Exercise
The records sit below. Return every line in them that holds the word "which".
##### Source data
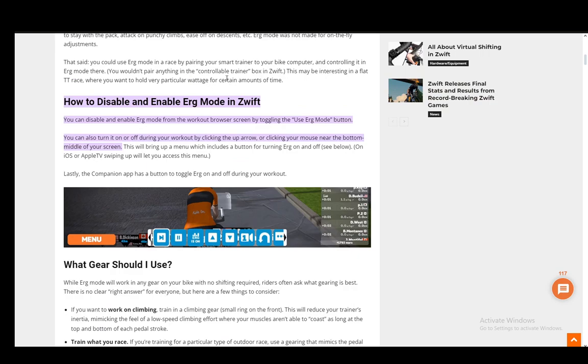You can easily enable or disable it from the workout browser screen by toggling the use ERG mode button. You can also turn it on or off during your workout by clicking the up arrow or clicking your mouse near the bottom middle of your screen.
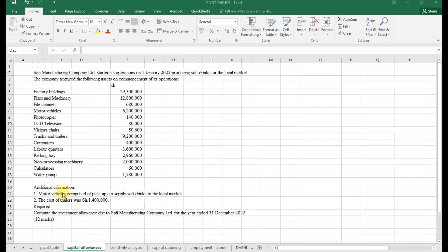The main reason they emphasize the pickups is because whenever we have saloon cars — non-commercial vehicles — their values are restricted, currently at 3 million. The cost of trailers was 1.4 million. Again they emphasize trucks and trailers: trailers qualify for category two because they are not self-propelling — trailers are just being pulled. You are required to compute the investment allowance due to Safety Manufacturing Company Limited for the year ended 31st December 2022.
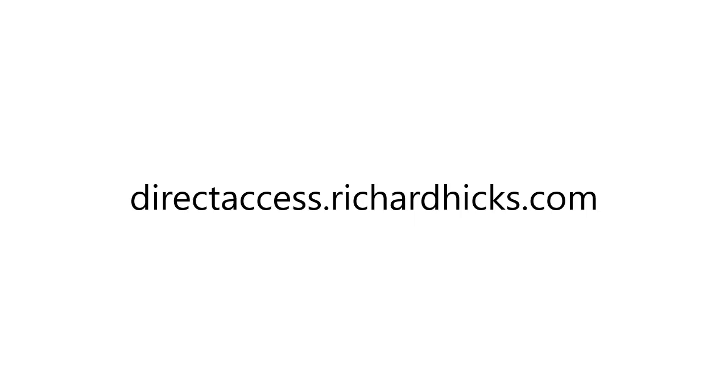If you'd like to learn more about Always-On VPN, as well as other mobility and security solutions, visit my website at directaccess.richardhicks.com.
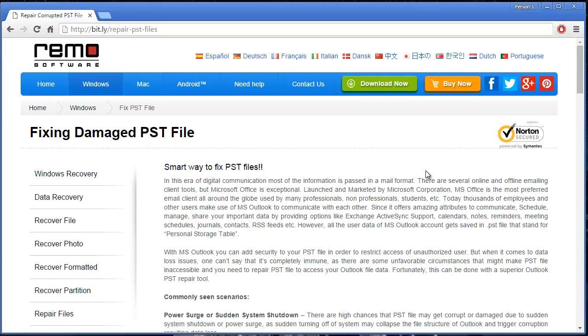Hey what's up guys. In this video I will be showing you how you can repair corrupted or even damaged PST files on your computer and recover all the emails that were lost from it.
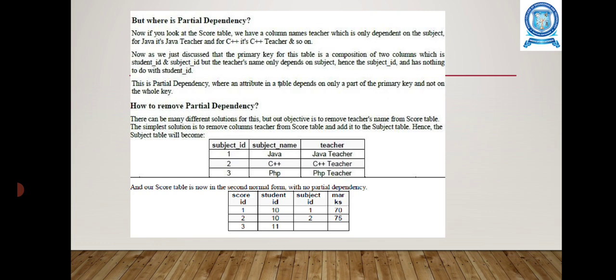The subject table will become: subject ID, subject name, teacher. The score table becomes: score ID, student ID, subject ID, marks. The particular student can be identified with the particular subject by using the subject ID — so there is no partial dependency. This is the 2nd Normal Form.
##########
##### Source data
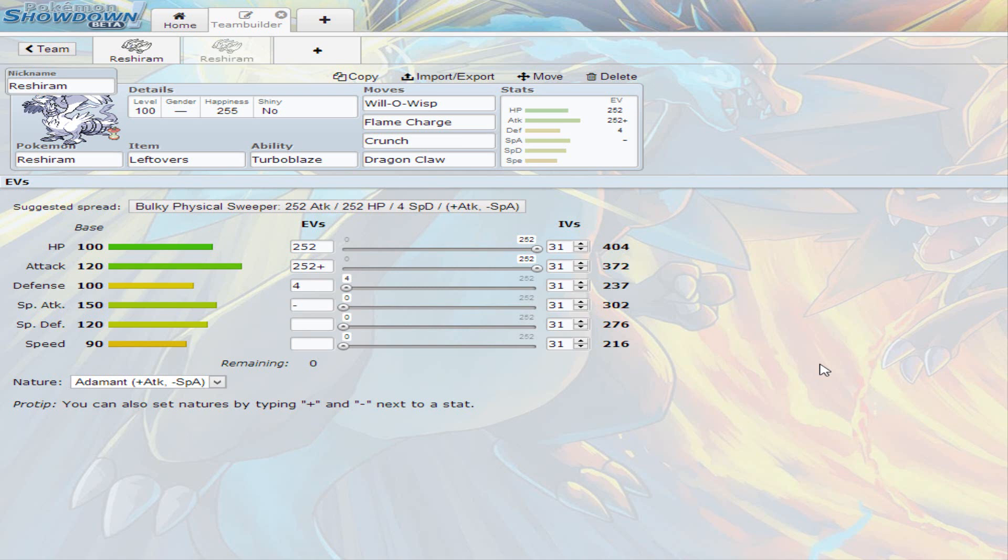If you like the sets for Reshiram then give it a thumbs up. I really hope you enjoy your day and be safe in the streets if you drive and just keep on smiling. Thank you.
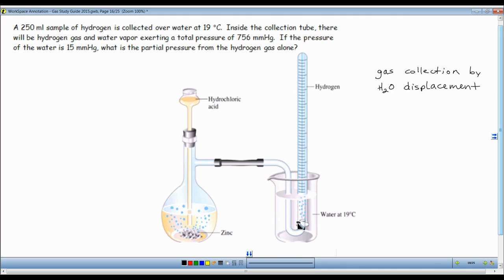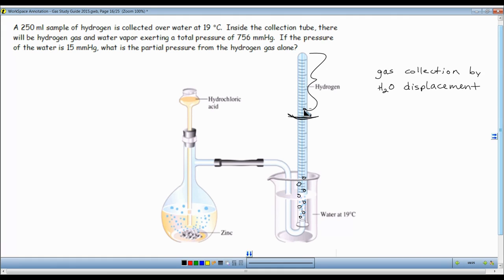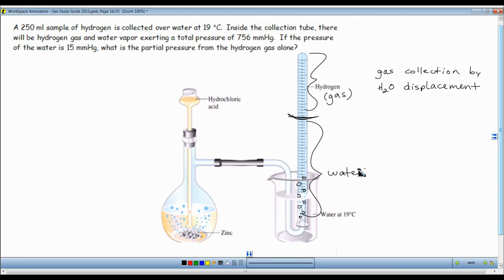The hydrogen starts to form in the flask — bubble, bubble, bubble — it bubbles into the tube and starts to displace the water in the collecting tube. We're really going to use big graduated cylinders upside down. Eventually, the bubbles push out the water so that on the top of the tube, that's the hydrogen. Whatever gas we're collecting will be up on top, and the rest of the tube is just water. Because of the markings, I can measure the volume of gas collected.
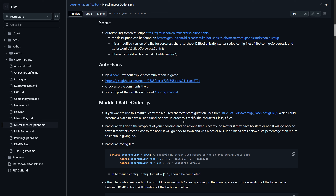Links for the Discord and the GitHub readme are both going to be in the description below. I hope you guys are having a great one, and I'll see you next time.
##########
##### Source data
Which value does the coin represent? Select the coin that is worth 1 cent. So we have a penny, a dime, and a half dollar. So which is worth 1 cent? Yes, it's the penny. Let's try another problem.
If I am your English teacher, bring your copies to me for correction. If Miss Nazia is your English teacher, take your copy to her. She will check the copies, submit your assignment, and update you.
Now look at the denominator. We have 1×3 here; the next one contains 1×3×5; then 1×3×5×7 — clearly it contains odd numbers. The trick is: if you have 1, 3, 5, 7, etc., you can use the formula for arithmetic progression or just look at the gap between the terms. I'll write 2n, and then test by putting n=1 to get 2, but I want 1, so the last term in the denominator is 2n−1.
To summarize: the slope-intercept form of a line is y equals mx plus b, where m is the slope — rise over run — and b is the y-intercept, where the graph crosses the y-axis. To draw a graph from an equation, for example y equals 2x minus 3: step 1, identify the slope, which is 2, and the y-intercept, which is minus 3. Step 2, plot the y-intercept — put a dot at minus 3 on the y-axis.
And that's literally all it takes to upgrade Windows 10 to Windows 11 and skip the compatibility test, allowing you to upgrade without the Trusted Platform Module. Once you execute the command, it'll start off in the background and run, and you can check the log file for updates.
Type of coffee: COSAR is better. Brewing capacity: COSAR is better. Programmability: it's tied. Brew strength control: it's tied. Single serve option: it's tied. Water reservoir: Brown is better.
##########
Answer box
Which value does the coin represent? Select the coin that is worth 1 cent. So we have a penny, a dime, and a half dollar. So which is worth 1 cent? Yes, it's the penny. Let's try another problem.
To summarize: the slope-intercept form of a line is y equals mx plus b, where m is the slope — rise over run — and b is the y-intercept, where the graph crosses the y-axis. To draw a graph from an equation, for example y equals 2x minus 3: step 1, identify the slope, which is 2, and the y-intercept, which is minus 3. Step 2, plot the y-intercept — put a dot at minus 3 on the y-axis.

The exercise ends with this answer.